Nordrhein-Westfalen ist in einer sehr guten Position, um mit der Kreislaufwirtschaft die Wei­chen für die gesicherte Wettbewerbsfähigkeit als Wirtschafts- und Industriestandort der Zu­kunft zu setzen: Laut der vom Wuppertal Institut koordinierten Studie „NRW 2030: Von der fossilen Vergangenheit zur zirkulären Zukunft“ sind im Bereich der Schlüsselwertschöpfungs-ketten bereits Initiativen, Projekte und Plattformen vorhanden, die Aspekte der zirkulären Wert­schöpfung adressieren. Darüber hinaus ist die Wirtschaftsstruktur Nordrhein-Westfalens ge­prägt von hohen Anteilen agiler und innovativer kleiner und mittelständischer Unternehmen (KMU), die zu Investitionen in die zirkuläre Wertschöpfung bereit sind. Diese Stärken werden durch eine exzellente Forschungslandschaft flankiert: In Nordrhein-Westfalen befassen sich etwa 70 Institute, Forschungseinrichtungen und Hochschulen mit dem Primärstoff Kunststoff.

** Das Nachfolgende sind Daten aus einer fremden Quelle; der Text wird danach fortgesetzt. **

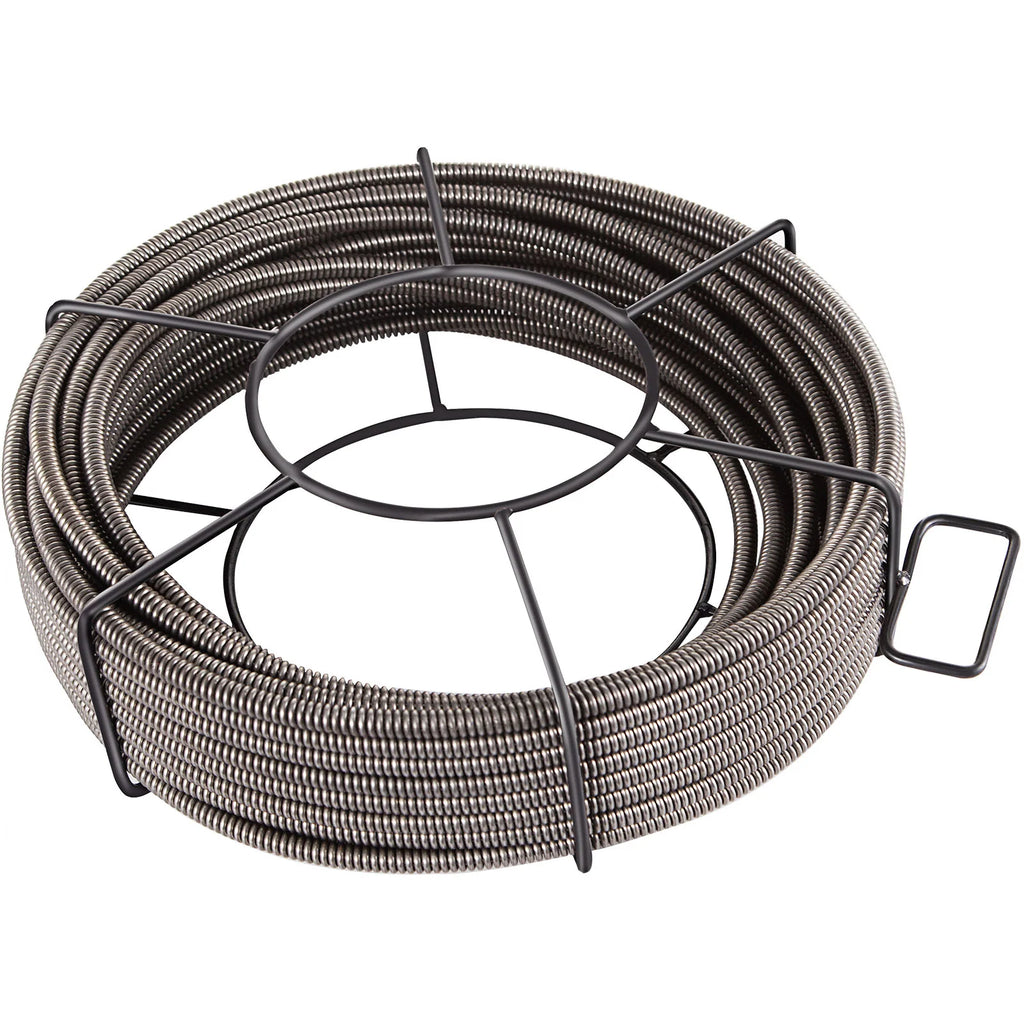Drain Cleaning Cable 50 Ft x 1/2 In, Solid Core with 4 Cutters – image 10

Damit stellt Nordrhein-Westfalen wie kaum eine andere Wirtschaftsregion ein Zukunftslabor für die Kreislaufwirtschaft dar.

Von fundamentaler Bedeutung für eine funktionierende Kreislaufwirtschaft in Nordrhein-West­falen ist die Umgestaltung der Wertschöpfungskette von Kunststoff. Denn in Nordrhein-West­falen ist von der Herstellung, der Verarbeitung sowie der dafür benötigten Maschinentechnik die ganze Bandbreite der Kunststoffwirtschaft vorhanden. Mit über 134.000 Beschäftigten, über 1.000 Betrieben und einem Jahresumsatz von 34 Mrd. Euro ist Nordrhein-Westfalen da­mit Kunststoffland Nummer 1. Produkte der Kunststoffindustrie werden in vielen verschiede­nen Anwendungsfeldern genutzt; ihnen kommt damit große Bedeutung für z. B. die Medizin, im Bau oder in der Lebensmittelwirtschaft und die gesamte Industrie zu. Der vollständige Ver­zicht auf Kunststoffe ist vor dem Hintergrund eines klimaneutralen Ressourcenmanagements und hohen Industriebedarfen nach Kunststoff somit weder sinnvoll noch möglich. Denn

alternative Werkstoffe sind häufig nicht zwingend nachhaltiger und gerade Umwelttechnolo­gien oftmals auf Kunststoffe angewiesen.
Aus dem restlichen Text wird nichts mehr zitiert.